Outside of YouTube, MP4 is probably the most popular video file format available online. MP4 videos exist inside a container format that’s also widely referred to as “the MP4 container format.” Honestly, I’m not sure what the correct name for the format is, but it’s described by a standard identified as ISO/IEC 14496-12: “Information technology – Coding of audio-visual objects Part 12: ISO base media file format.” Yeah, that’s a mouthful. Let’s just call it “Part 12.”
The document is freely available online as a PDF, although it can be difficult to find. I just went searching for it again and couldn’t find the full version. If I remember where I found it, I’ll post a link here.
Adobe Flash Player Update 3 (9, 0, 115, 0) and higher can play some MP4 files. The subset of MP4s that Flash can play is described in Video File Format Specification Version 9. That document gives you an idea of the MPEG-12 file format, although you probably want the full specification if you’re implementing a reader.

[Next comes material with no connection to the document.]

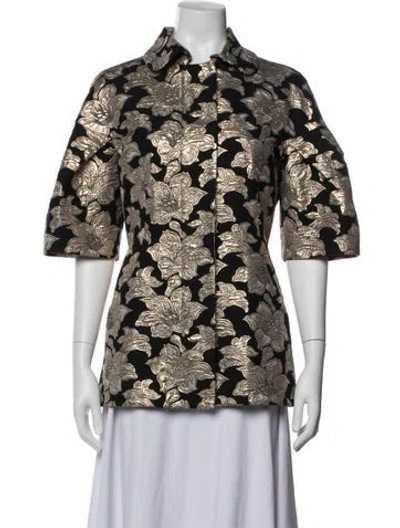 Pre-owned Marni Floral Print Jacket In Black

The file format is quite flexible–perhaps overly so–but reasonably easy to parse once you grok the basic structure. I coded up a quick MP4 reader in a day, and within two days had my web crawler extracting metadata from files I located online. But then I ran into a problem: my movie player would sometimes hang when trying to play a file. The really weird part was that the movie would play fine if I downloaded it first. It was only when trying to play from online that I experienced the problem.
It didn’t take long to find the problem. Or at least part of the problem.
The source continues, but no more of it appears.